Angin sore berhembus pelan, membawa serta harapan dan janji baru. Dion merasa lebih tenang. Di bawah pohon itu, ia tidak lagi merasa sendirian. Ia tahu, Dina akan selalu ada di sana, dalam setiap tawa dan dalam setiap langkahnya ke depan.
****
Dion bangkit dengan langkah lebih ringan. Ia menatap pohon itu sekali lagi, mengusap ukiran nama mereka sambil tersenyum.
“Terima kasih, Din. Aku nggak akan lupa.”
Dalam perjalanan keluar sekolah, suara anak-anak berlarian terdengar lagi. Tawa mereka terasa seperti gema suara Dina, tetapi kali ini tidak lagi menyakitkan. Tawa itu seperti musik yang menyertai langkahnya, seakan Dina ikut berjalan bersamanya.
Dion berhenti sejenak di gerbang sekolah, menatap matahari yang perlahan turun di balik bukit. Langit berwarna oranye keemasan, seperti menyimpan kehangatan kenangan itu untuknya.
Di tepi jalan, ia menatap langit senja dan berbisik:
“Selamat tinggal, Din. Sampai jumpa dalam cerita kita yang lain.”

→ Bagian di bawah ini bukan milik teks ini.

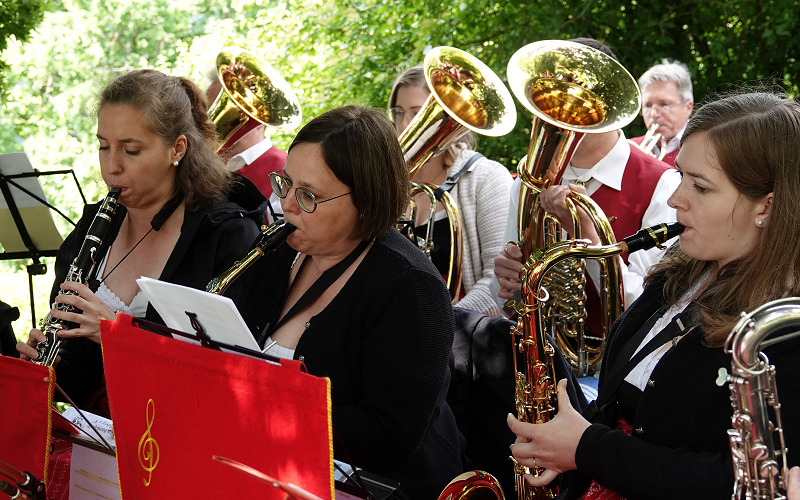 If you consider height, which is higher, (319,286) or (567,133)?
(567,133)

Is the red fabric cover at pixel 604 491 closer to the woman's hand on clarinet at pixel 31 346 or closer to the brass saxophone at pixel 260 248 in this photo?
the brass saxophone at pixel 260 248

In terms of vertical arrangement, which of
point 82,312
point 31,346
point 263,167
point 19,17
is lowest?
point 31,346

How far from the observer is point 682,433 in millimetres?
1812

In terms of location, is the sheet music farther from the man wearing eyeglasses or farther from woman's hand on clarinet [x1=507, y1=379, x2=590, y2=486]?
the man wearing eyeglasses

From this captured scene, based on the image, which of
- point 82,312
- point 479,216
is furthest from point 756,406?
point 479,216

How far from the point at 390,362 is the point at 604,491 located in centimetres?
58

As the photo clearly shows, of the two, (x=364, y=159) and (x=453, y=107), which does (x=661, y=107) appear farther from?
(x=364, y=159)

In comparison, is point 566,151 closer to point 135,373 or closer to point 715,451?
point 715,451

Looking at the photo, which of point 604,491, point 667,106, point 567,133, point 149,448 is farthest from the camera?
point 667,106

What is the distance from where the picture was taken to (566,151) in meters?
3.13

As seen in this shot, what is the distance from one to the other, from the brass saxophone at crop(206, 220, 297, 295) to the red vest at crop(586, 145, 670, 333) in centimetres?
145

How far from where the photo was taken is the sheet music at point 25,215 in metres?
3.56

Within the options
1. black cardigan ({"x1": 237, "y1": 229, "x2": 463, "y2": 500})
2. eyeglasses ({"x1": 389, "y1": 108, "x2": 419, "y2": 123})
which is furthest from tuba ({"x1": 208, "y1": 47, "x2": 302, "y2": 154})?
black cardigan ({"x1": 237, "y1": 229, "x2": 463, "y2": 500})

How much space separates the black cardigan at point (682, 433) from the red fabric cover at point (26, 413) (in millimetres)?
1215
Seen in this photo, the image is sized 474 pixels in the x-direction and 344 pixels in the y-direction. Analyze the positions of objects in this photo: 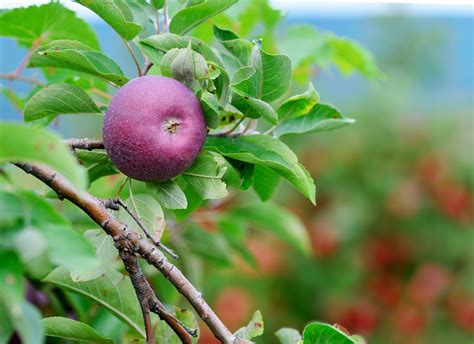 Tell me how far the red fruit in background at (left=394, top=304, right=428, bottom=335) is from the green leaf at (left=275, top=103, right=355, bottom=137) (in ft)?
7.14

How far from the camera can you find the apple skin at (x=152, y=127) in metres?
0.63

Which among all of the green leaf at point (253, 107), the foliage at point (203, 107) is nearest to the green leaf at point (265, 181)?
the foliage at point (203, 107)

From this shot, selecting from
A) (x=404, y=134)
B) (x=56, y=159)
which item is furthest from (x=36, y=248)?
(x=404, y=134)

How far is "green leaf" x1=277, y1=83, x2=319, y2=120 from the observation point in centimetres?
75

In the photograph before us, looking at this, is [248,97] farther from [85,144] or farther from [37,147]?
[37,147]

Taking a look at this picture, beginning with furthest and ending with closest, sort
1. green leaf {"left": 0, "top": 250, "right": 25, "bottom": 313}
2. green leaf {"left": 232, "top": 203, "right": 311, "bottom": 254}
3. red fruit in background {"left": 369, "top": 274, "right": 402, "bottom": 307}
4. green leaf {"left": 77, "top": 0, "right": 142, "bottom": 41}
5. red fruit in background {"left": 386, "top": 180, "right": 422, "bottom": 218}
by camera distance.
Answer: red fruit in background {"left": 386, "top": 180, "right": 422, "bottom": 218} < red fruit in background {"left": 369, "top": 274, "right": 402, "bottom": 307} < green leaf {"left": 232, "top": 203, "right": 311, "bottom": 254} < green leaf {"left": 77, "top": 0, "right": 142, "bottom": 41} < green leaf {"left": 0, "top": 250, "right": 25, "bottom": 313}

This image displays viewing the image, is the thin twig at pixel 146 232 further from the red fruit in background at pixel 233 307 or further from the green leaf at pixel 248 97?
the red fruit in background at pixel 233 307

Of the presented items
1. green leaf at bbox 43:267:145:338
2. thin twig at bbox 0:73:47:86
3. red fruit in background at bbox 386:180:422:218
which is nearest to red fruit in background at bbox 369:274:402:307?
red fruit in background at bbox 386:180:422:218

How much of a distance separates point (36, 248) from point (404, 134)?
2976mm

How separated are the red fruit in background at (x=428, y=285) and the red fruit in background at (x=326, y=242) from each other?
0.32m

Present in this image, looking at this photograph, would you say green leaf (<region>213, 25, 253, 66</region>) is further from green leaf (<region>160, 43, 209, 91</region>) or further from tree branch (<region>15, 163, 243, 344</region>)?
tree branch (<region>15, 163, 243, 344</region>)

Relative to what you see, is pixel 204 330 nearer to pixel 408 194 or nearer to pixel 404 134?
pixel 408 194

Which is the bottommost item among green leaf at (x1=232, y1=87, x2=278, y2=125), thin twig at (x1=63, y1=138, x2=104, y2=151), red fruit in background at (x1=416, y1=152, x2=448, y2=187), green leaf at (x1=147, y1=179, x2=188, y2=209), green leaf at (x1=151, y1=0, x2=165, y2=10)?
green leaf at (x1=147, y1=179, x2=188, y2=209)

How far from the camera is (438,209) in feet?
10.00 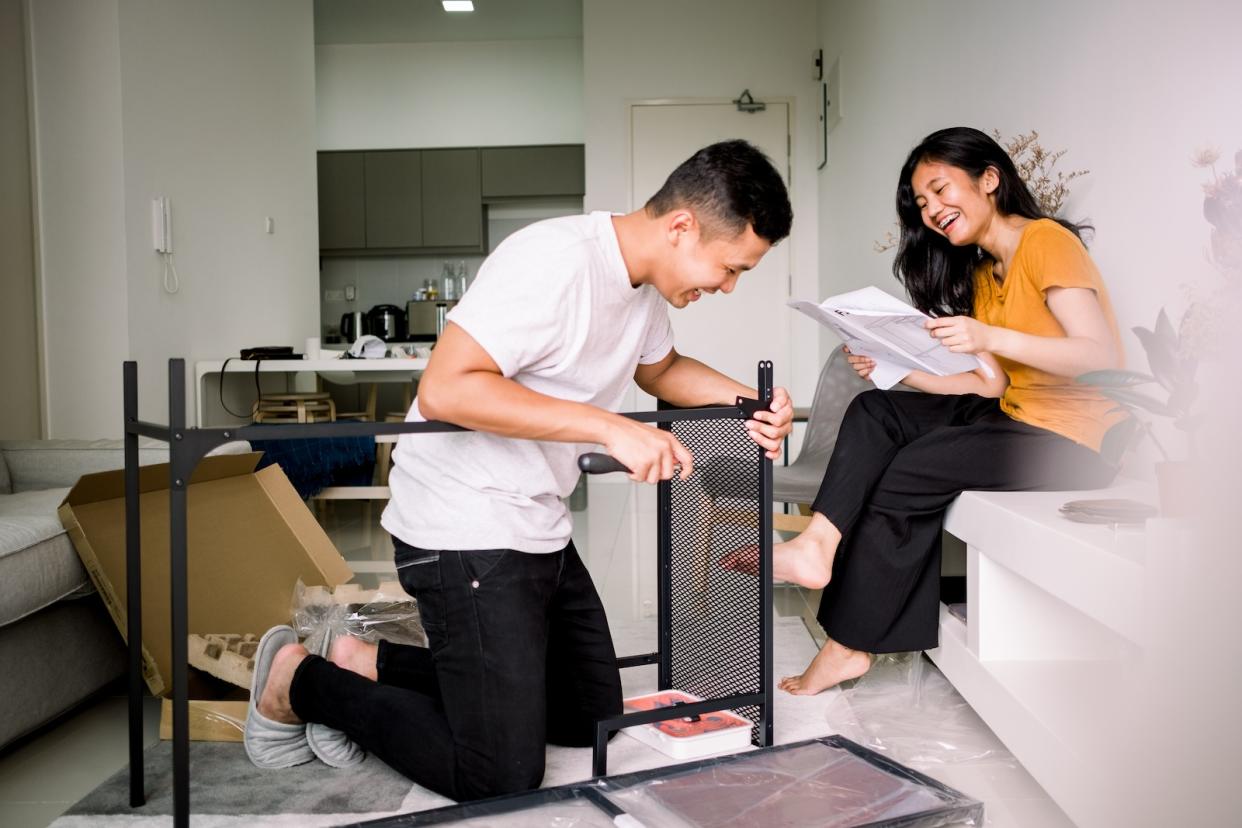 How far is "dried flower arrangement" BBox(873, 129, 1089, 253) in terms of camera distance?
2.27 metres

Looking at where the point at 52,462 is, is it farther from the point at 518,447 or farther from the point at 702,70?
the point at 702,70

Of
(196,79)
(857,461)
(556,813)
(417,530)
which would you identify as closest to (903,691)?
(857,461)

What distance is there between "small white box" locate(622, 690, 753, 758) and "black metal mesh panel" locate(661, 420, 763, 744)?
5cm

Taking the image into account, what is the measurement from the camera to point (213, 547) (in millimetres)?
2146

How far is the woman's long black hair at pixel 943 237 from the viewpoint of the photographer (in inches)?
79.5

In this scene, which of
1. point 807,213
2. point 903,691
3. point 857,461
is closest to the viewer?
point 857,461

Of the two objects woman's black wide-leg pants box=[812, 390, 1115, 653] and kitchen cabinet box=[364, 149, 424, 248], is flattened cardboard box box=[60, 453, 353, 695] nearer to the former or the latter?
woman's black wide-leg pants box=[812, 390, 1115, 653]

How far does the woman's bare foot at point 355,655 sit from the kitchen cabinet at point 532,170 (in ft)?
17.8

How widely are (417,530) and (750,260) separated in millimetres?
634

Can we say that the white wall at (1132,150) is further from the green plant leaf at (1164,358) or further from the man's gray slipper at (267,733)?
the man's gray slipper at (267,733)

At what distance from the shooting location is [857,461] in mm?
1900

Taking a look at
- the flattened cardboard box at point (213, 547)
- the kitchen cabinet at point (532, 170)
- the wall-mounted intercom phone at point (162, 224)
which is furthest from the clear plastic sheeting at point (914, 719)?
the kitchen cabinet at point (532, 170)

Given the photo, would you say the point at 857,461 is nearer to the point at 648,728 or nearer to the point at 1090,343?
the point at 1090,343

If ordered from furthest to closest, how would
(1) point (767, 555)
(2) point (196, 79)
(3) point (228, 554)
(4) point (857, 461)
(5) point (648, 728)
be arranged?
1. (2) point (196, 79)
2. (3) point (228, 554)
3. (4) point (857, 461)
4. (5) point (648, 728)
5. (1) point (767, 555) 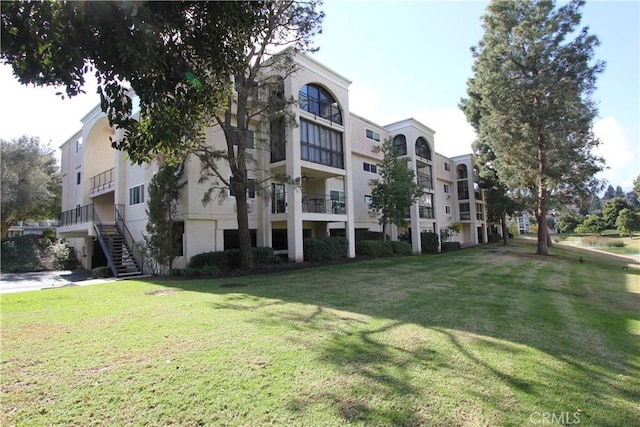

Saat langkahnya menjauh dari sekolah, Dion merasa dunia yang selama ini terasa kosong perlahan kembali utuh. Kenangan itu telah menemukan tempatnya, bukan sebagai beban, melainkan sebagai pengingat bahwa cinta dan tawa tak pernah benar-benar hilang. Hari ini, Dion belajar bahwa kepergian tidak selalu berarti kehilangan; kadang, itu adalah cara orang yang kita cintai mengajari kita untuk melanjutkan hidup.
Dengan senyum kecil di wajahnya, Dion berjalan menyusuri jalanan Kota Ternate menuju pinggiran pantai yang semakin ramai, siap memulai babak baru dalam hidupnya. Kini, ia membawa Dina bersamanya, bukan sebagai luka, tapi sebagai cahaya yang akan selalu menyinari jalannya.